Using them is pretty simple - degrease the area, swab on the product and let it work for a while, rinse off in water, disperse the water with WD40, oil the part. I find warming the part first and rinsing in hot/boiling water are helpful.

https://www.youtube.com/watch?v=dgYG903kYGo

EddyCurr
07-13-2016, 11:52 AM
Photos and discussion about cold blue in the following thread.
The 'after' photo quality is disappointing. Still, it may offer
some guidence as to whether this is the route for you.


Restoring The Finish on Rusted Spring Steel (http://bbs.homeshopmachinist.net/threads/67606-Restoring-The-Finish-on-Rusted-Spring-Steel) 2015.07.29

.

BCRider
07-13-2016, 12:39 PM
From my own home gunsmithing I've tried a few different cold blue products. The one I've found works by far the best is G96 brand "Gun Blue Creme". It's a gelled product that you'll find at outdoor stores that cater to hunting and which sell gun care products. Shouldn't be a problem what with you living in Texas.... :D

It helps if the item is well warm to the touch before applying the bluing. And needless to say it has to be fully degreased. And wear disposable gloves to avoid skin oils on the surface. For something the size of a drill chuck apply it with an acid brush.

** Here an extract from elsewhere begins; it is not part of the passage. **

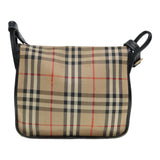 Luxury BurberrySs Nova Check Shoulder Bag Canvas Leather Beige Black gold Auth yk14273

If the finish is a little spotty you can "card" it with some degreased fine steel wool. It'll cut down and even the bluing. Degrease again just to be sure then apply a second treatment. Card off this second layer with a stiff nylon bristle brush. A "hard" toothbrush is just about perfect for this. I also find that doing this last nylon bristle carding under hot running water aids in setting the blue a little better.

At that point dry it and add a thin coat of oil and it should be looking pretty nice.

Paul Alciatore
07-13-2016, 03:59 PM
Boy, I looked at that thread. There is NO WAY that I am going to go to that much trouble for some import drill chucks. NO WAY! IIRC, I bought at least two of them from Grizzly when they were on sale. Probably paid around $15 for them. And they will work just fine as they are.

But thanks for the reference to that thread.




This is black oxide. Unfortunately, things similar to Evapo-Rust remove it quite effectively.

If you want to go through the trouble of restoring a similar kind of finish, read on parkerizing. Here is a good thread: http://bbs.homeshopmachinist.net/threads/39446-Let-s-Parkerize-Something!

metalmagpie
07-13-2016, 04:07 PM
I would suggest chucking up a 1/4" rod about 10" long and using it to hang the chuck in an electrolytic derusting bath. You can clip your black lead right to the top of the rod. With the rod securely chucked, it should conduct electricity fine. A little current and time later and all the rest of the black will be gone and they will look better.

You could also try painting the black cracks with black fingernail polish, drying with a heat gun, then spinning it up and sanding with superfine sandpaper folded over a file (to keep it from going down in the cracks at all). Who knows? It might work, and it won't cost you much, and you will certainly learn something. Please post the results so we can all learn something.